I was inspired by the excellent work of Alexios Mantzarlis at Indicator. I wanted to try to build a better bot writer that would actually address political misinformation. Especially ahead of the elections. That's why it has a narrow beat. And will probably have a low "helpfulness rating." But that's what we're testing! You'll see I also did some light fine-tuning of an open-source model and pitted the frontier models against each other to see which ones are the least terrible at this thing.

I built it with lots of button smashing with Claude Code. But also with the deep expertise I've developed (sadly) over the last FIVE years of note-watching. I run it. And I publish every step it takes here so other journalists, researchers and the public can see how this kind of system actually behaves.

Posts seen

Pulled from X's eligible-posts endpoint.

On-beat

About US politicians, federal policy, or election integrity.

Notes written

Drafted and validated against the source.

Submitted to X

In test_mode until the account earns in.

Data refreshes every time the bot runs (currently every two hours). Last update: .

The funnel

Where do posts drop out? Most never get past the first filter. That's by design — the bot's beat is narrow.

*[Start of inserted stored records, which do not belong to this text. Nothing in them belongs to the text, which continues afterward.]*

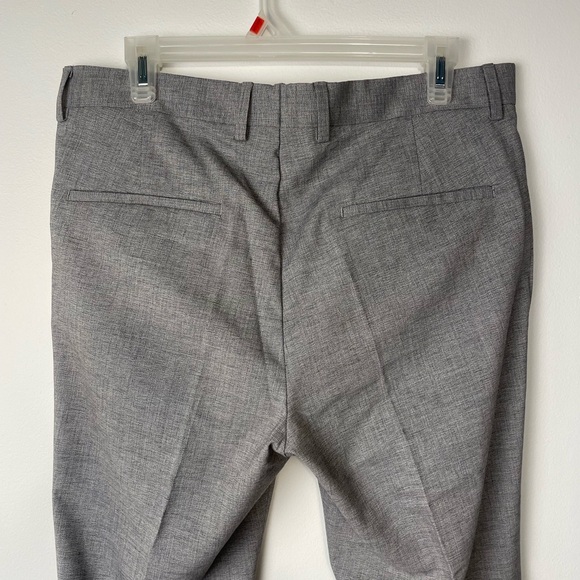 746. Mens Dress Pants - Picture 10 of 10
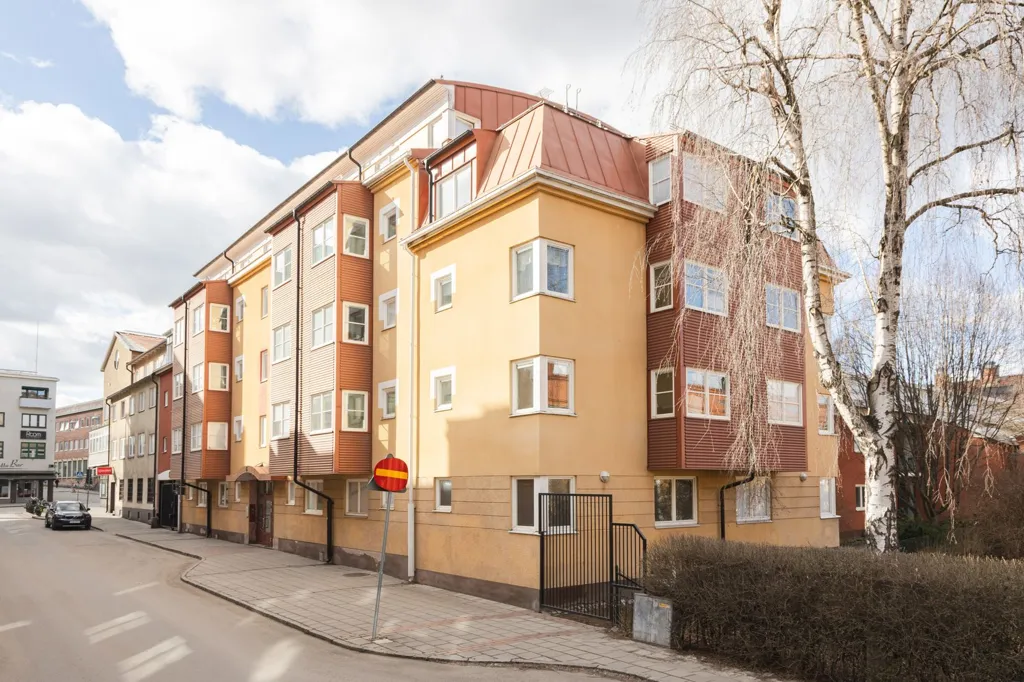 Välivaade - Modern Flat with Balcony in Västerås Centre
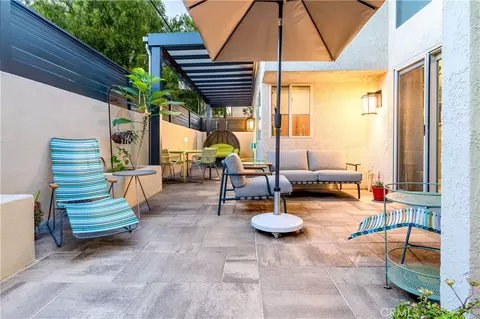 Exterior - 653 Park, Long Beach, CA 90814 photo 17 of 18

Step by step, what each stage means:

Eligible posts seen. Whatever X returns when the bot asks for posts it could note. Sports, gaming, celebrity drama, foreign politics — anything.
On-beat. A cheap Claude Haiku call decides whether the post is about US politicians or US political misinformation.
Evidence found. For on-beat posts, the bot searches PolitiFact, the Google Fact Check Tools API, and (if needed) the broader web. A post passes this stage if at least one fact-check or primary source comes back.
Note drafted. A Claude Opus call writes the note prose. The bot only writes when the evidence directly addresses the post's claim. When it doesn't, the bot returns NO_NOTE.
Submitted to X. Notes that pass length, URL, and evaluate_note pre-flight checks go to X. Still in test_mode — X requires it during the AI Note Writer pilot.

Why the bot declines

The bot says no a lot. Here's why, with counts:

The biggest two buckets are by design:

Off-beat. Most of what X surfaces isn't about U.S. politics. The bot drops it before spending an Opus token on it.
Picker: candidate doesn't match claim. The bot found a fact-check on a related topic, but it doesn't directly rate this post's claim. Rather than stretch, the bot returns nothing.

The other two are safety rails:

Opus declined to write. The model was given evidence and decided the case wasn't airtight. This is what you want a fact-checking bot to do when in doubt.
URL validator rejected. A safety check catches notes where Claude tried to write a URL itself. The bot only ever cites URLs that came back from a real search result; if the prose Claude produced contains any http, https, or domain text, the note is dropped. This is the structural fix for a hallucination problem an earlier version of the bot had.